Beberapa jurnal ilmiah juga menyebut ikan dari Waduk Cirata dan Saguling di daerah aliran Sungai Citarum terkotaminasi logam berat. Diduga, limbah berasal dari sejumlah industri di daerah aliran (DAS) Citarum dan Cisokan di Bandung, Cimahi, Bandung Barat, dan Cianjur yang ditengarai mengalir ke kedua sungai itu, lalu masuk ke Waduk Cirata.

Ada pula limbah organik sisa pakan ikan, kotoran manusia, dan rumah tangga yang ikut mencemari waduk. Waduk Cirata ditaburi lebih dari 5.000 ton pakan ikan tiap panen.

“Setengah pakan ikan terbuang ke dasar waduk karena ikan tak memakan seluruhnya. Sedimentasi dari pembuangan pakan terhitung lebih besar dari faktor alami,” urainya.

 

Menurunnya kualitas air akibat pencemaran dari Sungai Citarum berdampak mempercepat laju korosi turbin PLTA Cirata yang menghasilkan listik 1080 Megawatt ini. Foto: Donny Iqbal/Mongabay Indonesia

 

Hasil pendataaan Satuan Tugas Sektor 12 program Citarum Harum menunjukkan, jumlah keramba jaring apung (KJA) di Cirata diprediksi lebih dari 98.000 unit. Berdasarkan data yang dihimpun, nilai investasi setiap KJA, rata-rata Rp50 juta per unit. Bila dikalkulasikan dengan jumlah KJA saat ini, totalnya Rp4.9 triliun. Satu unit rata-rata terdiri 4-5 petak.
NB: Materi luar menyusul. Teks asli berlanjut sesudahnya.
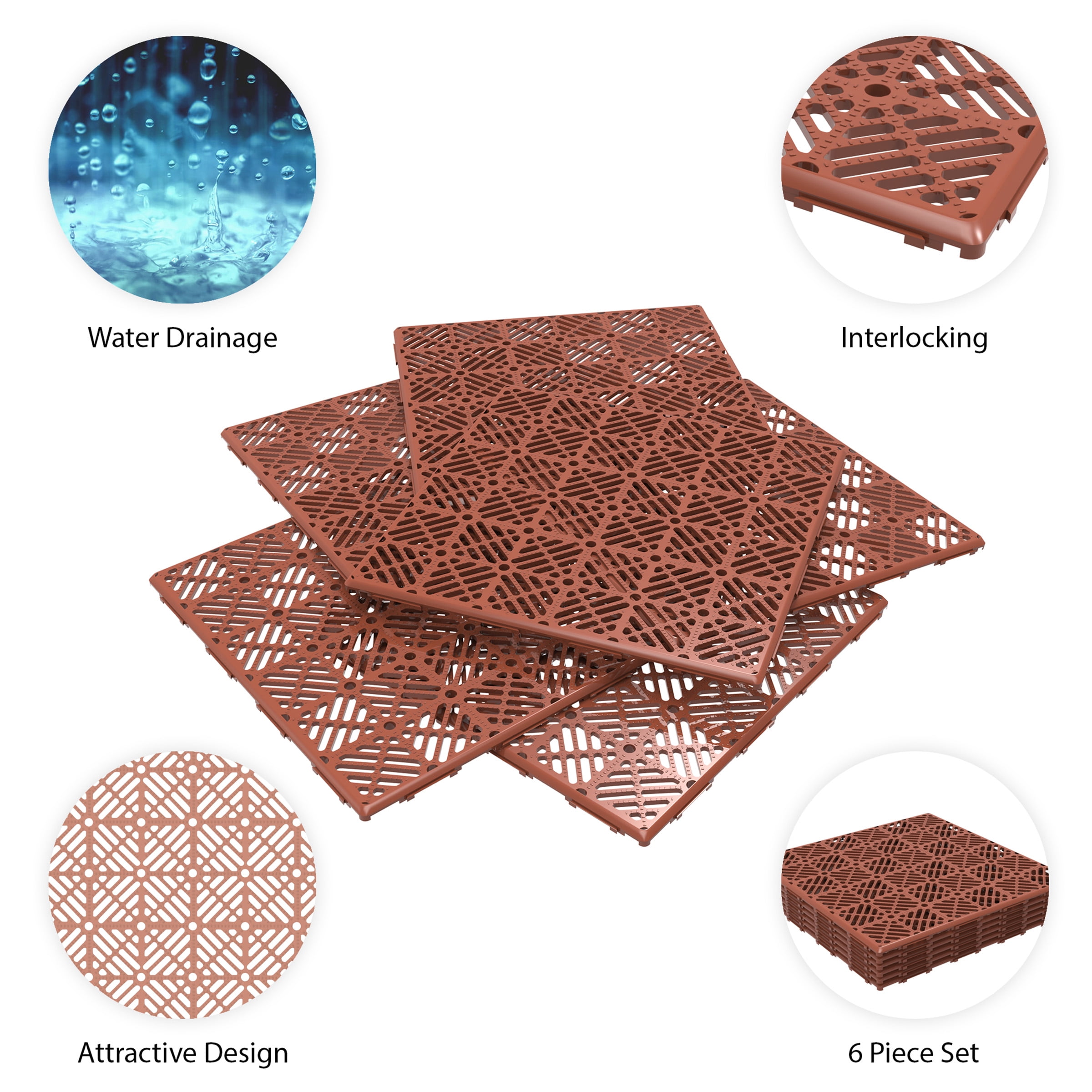 Interlocking Floor Tiles for Patio, Deck, Walkway, Garage, 30 Piece By Pure Garden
Bila merujuk Surat Keputusan Gubernur Jawa Barat Nomor 21 tahun 2002, kuota yang diizinkan bagi budidaya ikan di Waduk Cirata hanya 12.000 petak. Atau, satu persen dari luas wilayah.

 

30 tahun usia Waduk Cirata, sejumlah masalah besar seperti pencemaran air dan pendangkalan adalah persoalan yang harus diselesaikan. Foto: Donny Iqbal/Mongabay Indonesia

 

Menangani membludaknya KJA, Dansektor 12 Citarum Harum, Kolonel Satriyo Medi Sampurno mengatakan pihaknya akan melakukan upaya penertiban. Ditargetkan akhir 2018, sebanyak 12.000 petak KJA ditertibkan.

“Ini menjadi prioritas, dilihat dari kualitas air saat ini. Kami lakukan pemetaan agar terkendali. Di satu sisi, sebetulnya petani ikan mengakui hasil KJA menurun. Kami juga berkoordinasi dengan pihak terkait mencari ekonomi alternatif,” kata Satriyo.

 

Kualitas air di Waduk Cirata saat ini berada di level 3. akankah bisa kembali ke level 1, seperti saat awal waduk ini dibangun? Foto: Donny Iqbal/Mongabay Indonesia

 

Petani ikan Cirata di Desa Margalaksana, Cipeundeuy, Aep (35), mengungkapkan, hasil panen kerap merugi karena tidak sebanding dengan pengeluaran. Satu petak rata-rata membutuhkan pakan ikan sekitar 1-1,5 ton. Panen 3-4 bulan sekali.

“Ikan akan mati massal jika arus air bawah naik ke atas. Biasanya, membawa limbah dan mematikan seluruh ikan yang ada di keramba. Ini berlangsung setiap menjelang musim hujan. Apalagi sekarang air sudah jelek. Banyak ikan yang terkena penyakit,” tandasnya.